Poor correlation between adapted MLP quality score and components in MLP infants and the Baby-MONITOR score in extreme and very preterm population suggests that at a single hospital, quality of care for extremely and very preterm infants may not correlate with quality of care for MLP infants. One potential reason for this finding is that processes implemented to improve care for VLBW infants may not apply to other subpopulations, such as MLP infants. (34) For example, discordance in infection rates in extremely and very preterm and MLP infants may be secondary to GA specific differences in vascular access management. (44) As higher rates of intubation and surfactant administration are seen in extremely and very preterm infants compared to MLP infants, discordance in pneumothorax could be secondary to GA specific processes of respiratory management. Centers with low levels of pneumothorax in extremely and very preterm infants but higher levels in MLP infants who have lower risk of pneumothorax may be providing lower quality care. (45) Poor correlation between survival in extremely and very preterm infants and MLP infants has not previously been reported. Both process-level factors (e.g., unit use of standardized care guidelines) and hospital-related factors (e.g. unit size, unit level of care, staffing models) may contribute to this observation. Further research on how process, hospital, and other factors contribute to these survival differences is necessary.

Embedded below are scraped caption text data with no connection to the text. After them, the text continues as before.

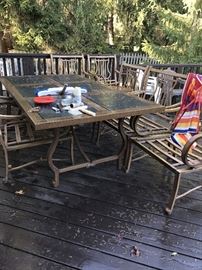 PATIO FURNITURE-LONG TABLE 6 CHAIRS AND UMBRELLA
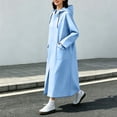 thumbnail image 4 of Women’s Long Length Heavy Duty Rain Coat Hooded Waterproof Raincoat for Outdoor Use, Wind Resistant Full Length Rain Jacket Loose Fit Adults Poncho Blue, 4 of 7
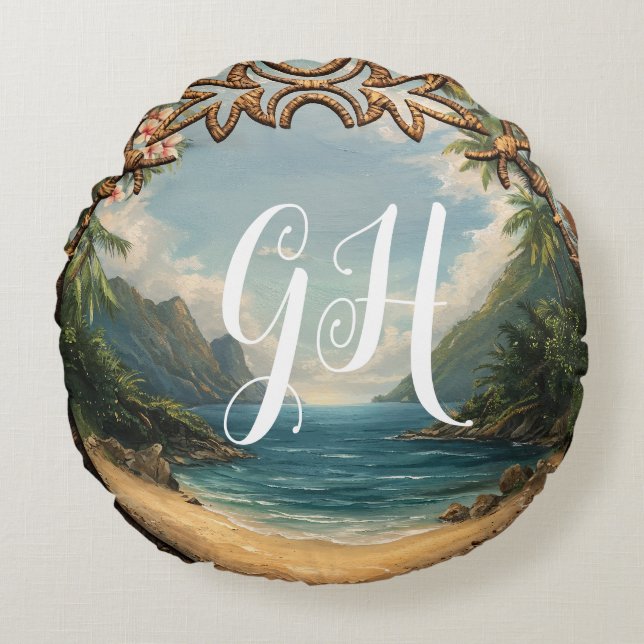 Cojín Redondo Portal A Los Trópicos (Anverso)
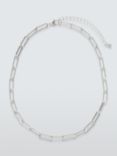 John Lewis Paperclip Chain Necklace, Silver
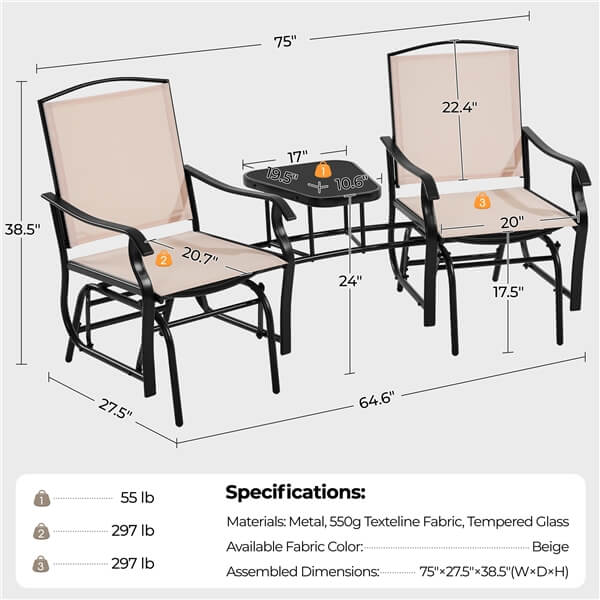 Yaheetech Outdoor Glider Chairs with Glass Table Rocking Chairs - Image 3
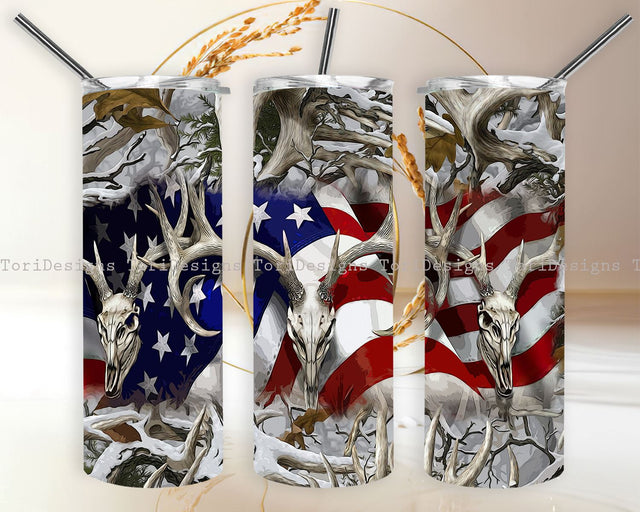 Deer Skull American Flag 20oz Skinny Tumbler Sublimation Designs Sublimation ToriDesigns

This study has limitations. First, while we efficiently adapted Baby-MONITOR for MLP infants by selecting evidence-based measures previously evaluated by experts, the current evaluative standard for formal measure development is measure selection through expert consensus or statistical assessment of validity. (6,17,19–22) Second, other potential quality measures reflecting relevant aspects of MLP care, such as time to initiate enteral feeds or time to reach full feeds, are not included in the adapted MLP-QM because such measures were not available in the data. Third, we examined infants from 30–36 weeks GA together to capture the quality of care for infants not measured by Baby-MONITOR or term infant measures; however, in doing so, we may not capture differences in quality between moderate and late preterm infants. Future quality measure development should consider potential differences within smaller GA subgroups. Fourth, similar to established NICU quality measures, the MLP-QM does not incorporate components of patient-centered care, such as family involvement at bedside or education. These measures are likely relevant to the MLP population, whose NICU care may be more amendable to family involvement than the extremely preterm population, and merit consideration and further study. Finally, we used a convenience-based sample of hospitals participating in the VON all-admission database. Formal measure development for MLP infants could address these limitations, creating a valid MLP-specific measure.

Despite these limitations, this study uses a large, contemporary dataset of NICU admissions across many hospital types to demonstrate the need for a quality measure in the prevalent MLP population. The robust dataset facilitated study of new candidate MLP quality measures and their associated variability as well as examination of correlation of the MLP-QM with previously described VLBW quality measures. This work is the first endeavor to develop a quality measure for this important population, comprising the majority of NICU patients.

Conclusion

We developed an adapted quality measure to assess quality of care in MLP infants that demonstrated poor correlation between overall and component quality scores in extremely and very preterm infants cared for at the same hospital. Additional research is needed to develop a validated quality measure for the MLP population. Weak correlation between summary and component scores suggests that different processes may mediate positive outcomes in MLP infants compared to extremely and very preterm infants. Further study is needed to elucidate how process and hospital-level factors influence MLP quality of care.